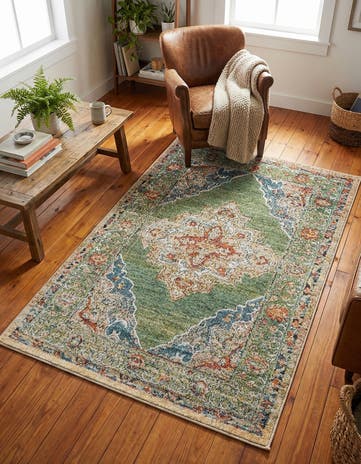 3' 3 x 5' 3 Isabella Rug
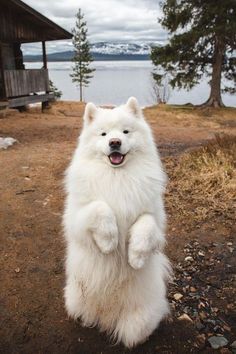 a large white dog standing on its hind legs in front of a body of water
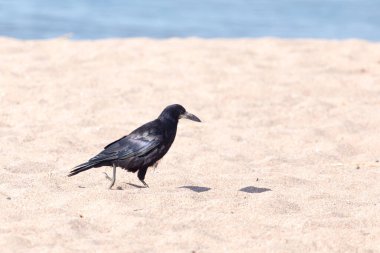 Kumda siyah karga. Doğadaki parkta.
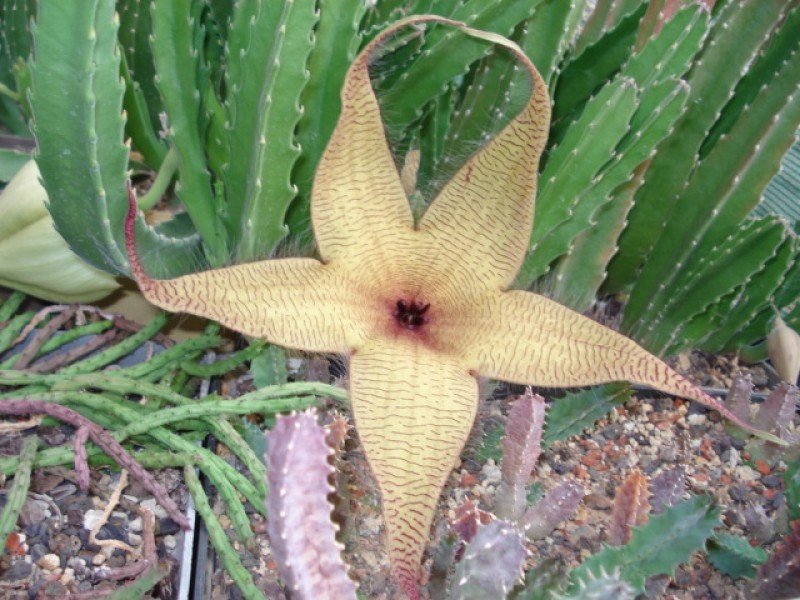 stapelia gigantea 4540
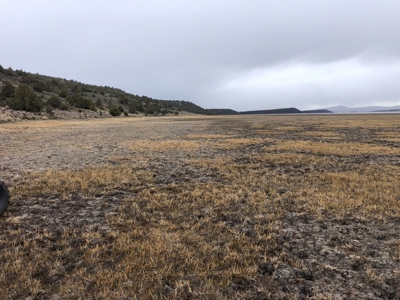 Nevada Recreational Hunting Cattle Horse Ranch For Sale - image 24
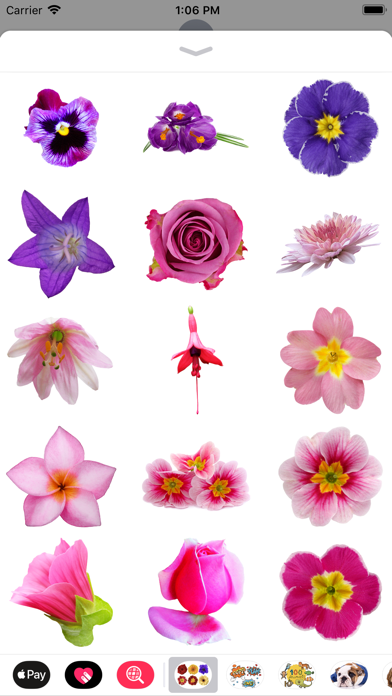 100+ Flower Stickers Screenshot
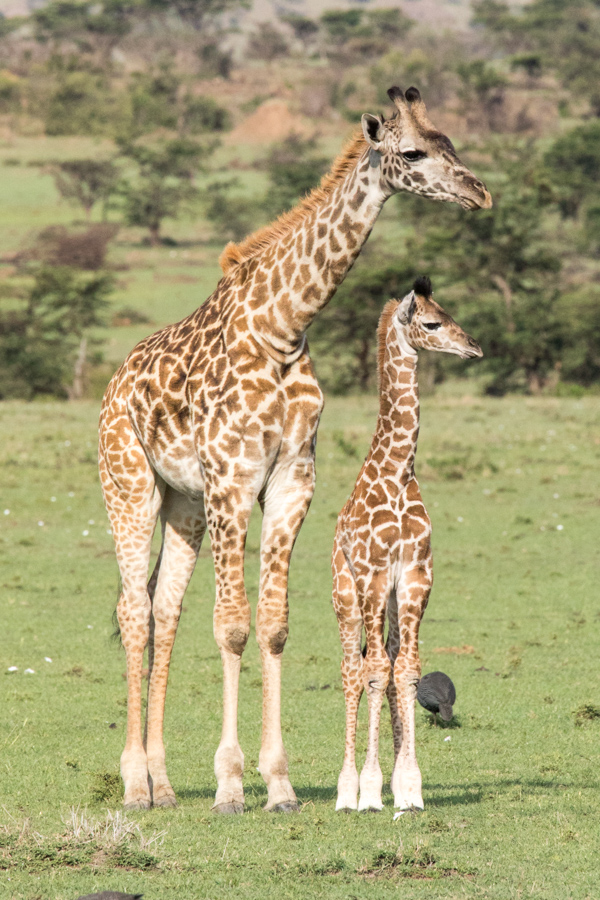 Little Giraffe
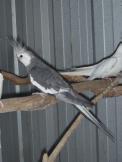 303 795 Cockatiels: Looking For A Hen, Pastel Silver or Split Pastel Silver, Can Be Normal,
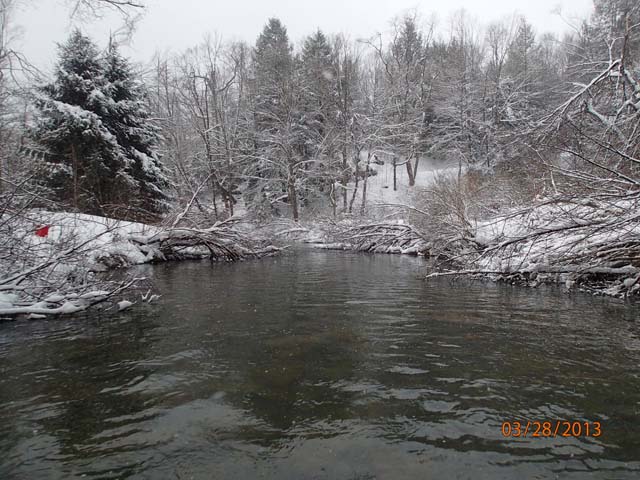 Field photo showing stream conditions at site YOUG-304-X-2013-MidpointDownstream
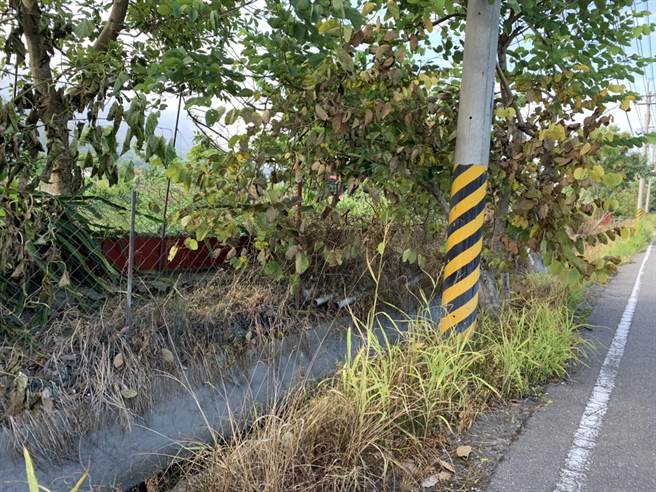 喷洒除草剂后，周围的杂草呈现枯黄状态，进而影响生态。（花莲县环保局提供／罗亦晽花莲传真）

==

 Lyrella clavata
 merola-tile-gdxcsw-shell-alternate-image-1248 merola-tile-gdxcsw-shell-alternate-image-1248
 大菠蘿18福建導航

--

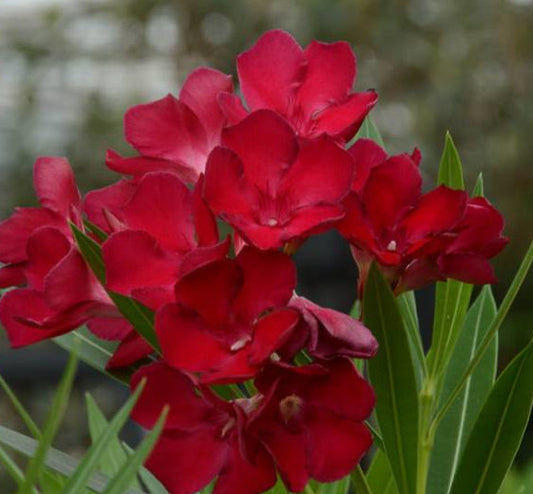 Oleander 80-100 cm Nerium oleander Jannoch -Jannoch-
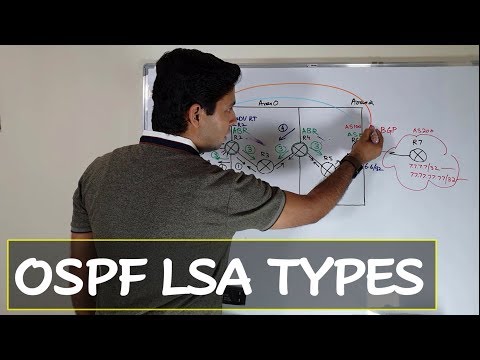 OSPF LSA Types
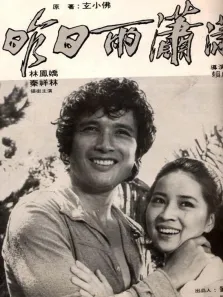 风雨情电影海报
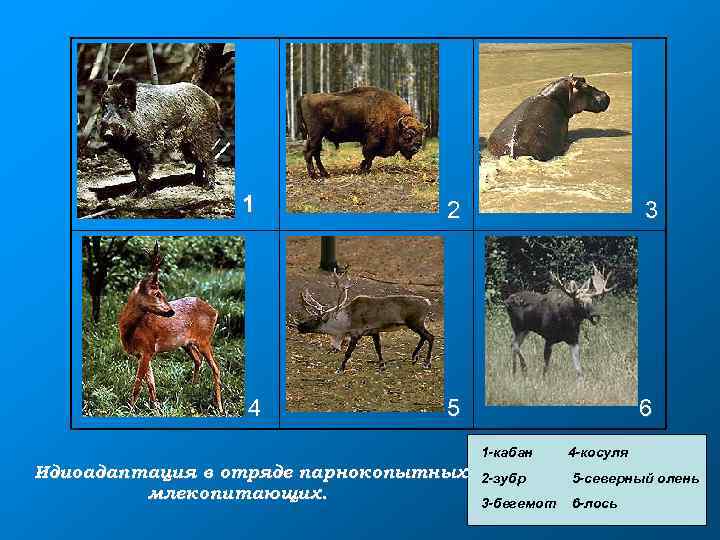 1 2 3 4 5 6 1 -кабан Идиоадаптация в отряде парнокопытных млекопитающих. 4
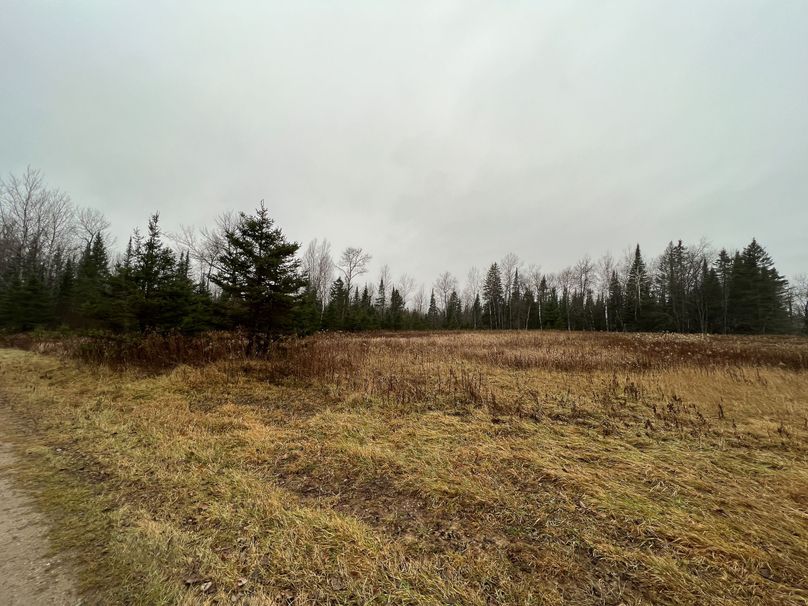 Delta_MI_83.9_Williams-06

What you have to do:
Both the line above containing "3' 3 x 5' 3 Isabella Rug" and the line containing "Little Giraffe" belong in the copy, along with every line between them; print these exactly and omit the pictures.

Reply:
 3' 3 x 5' 3 Isabella Rug
 a large white dog standing on its hind legs in front of a body of water
 Kumda siyah karga. Doğadaki parkta.
 stapelia gigantea 4540
 Nevada Recreational Hunting Cattle Horse Ranch For Sale - image 24
 100+ Flower Stickers Screenshot
 Little Giraffe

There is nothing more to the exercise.